Using the Transportable Vodafone VT1, Michael Harrison telephoned his father – Vodafone’s first chairman – on 1 January, 1985.
Michael Harrison (R) telephoned his father on 1 January, 1985
Vodafone’s former technical director Mike Pinches remarks, “I never envisaged where it would get to today but I’m very proud to have been involved in kick-starting it in the right direction.”
“The fact it’s gone beyond anything I saw happening – that’s just very satisfying.
“The first phones had relatively high-powered transmitters, something of the order of five watts.
“Today’s phones are fractions of a watt at most, and often less than that depending on where the nearest cell site is. So you needed to be connected to a decent size battery, both for the transmit power but also the silicone processing power that was going on in there.
“You needed something like two amps, never mind the transmitter. So a car battery was really the only viable way forward.”

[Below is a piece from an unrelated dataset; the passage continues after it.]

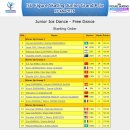 함께 즐기는 리듬 스포츠 A | 2026 ISU 주니어 피겨 그랑프리 1차 | 아댄 리듬댄스 결과 (유챈조 19위)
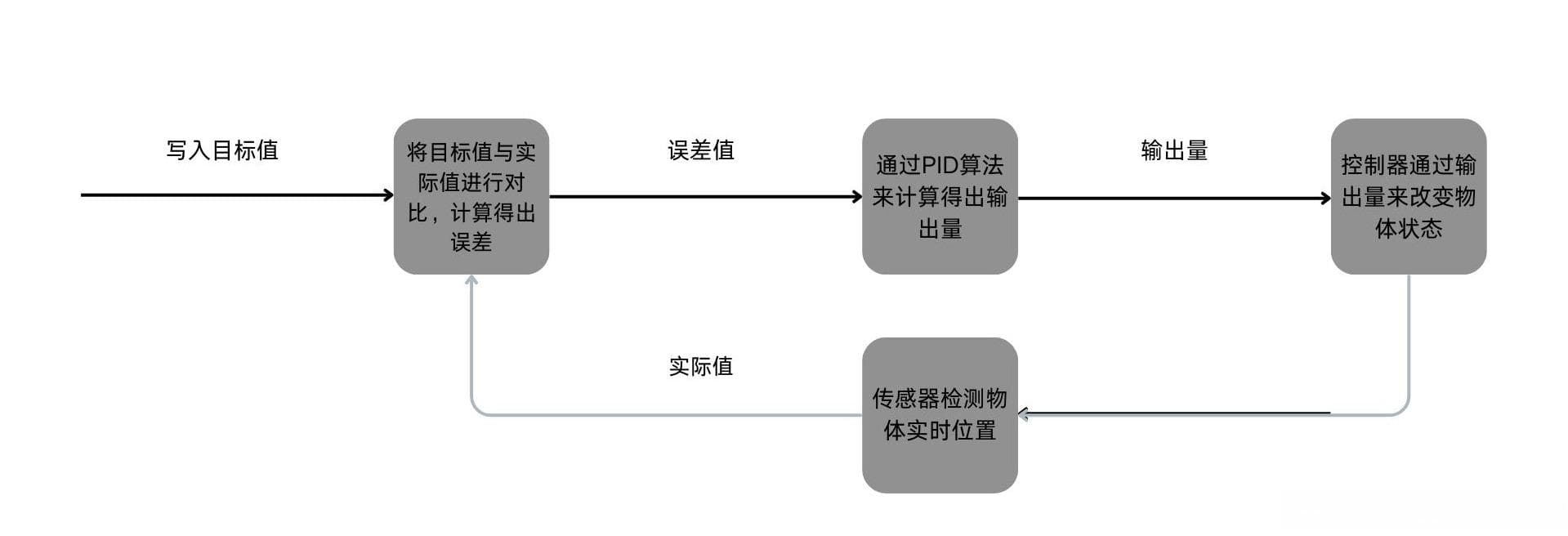 PID控制算法详解：从基础概念到优化方法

There was a time when mobiles were for the privileged few, but now 3.6 billion people around the world own a mobile phone (about half the global population).
But there are 7.3 billion active subscriptions and the industry is now worth $1.13tn.

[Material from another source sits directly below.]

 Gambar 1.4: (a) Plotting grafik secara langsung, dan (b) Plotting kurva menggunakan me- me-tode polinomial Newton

In the UK alone, there are more subscriptions than there are people. By 2012, there were 123.8 subscriptions for every 100 inhabitants.
In the 1980s, the mobile phone became synonymous with the “yuppie” – cash-rich individuals who need not fret about paying 25p a minute to make a call.
Banker Mungo Parks was the first person in the world to buy a carphone.
He said: “The difficulty that we had was that Wall Street would close at 4 or 4.30 in the evening New York time which was 9 o’clock in the evening UK time.
“So we had this time when we were going home that we couldn’t contact the office or the trading desk. That was a minefield.
“So when these telephones came in it meant you could leave whenever you wanted and still be in constant contact with the trading desk and complete a transaction and make money.
“If you weren’t in touch you might not have made money so it became a genuine economic necessity.”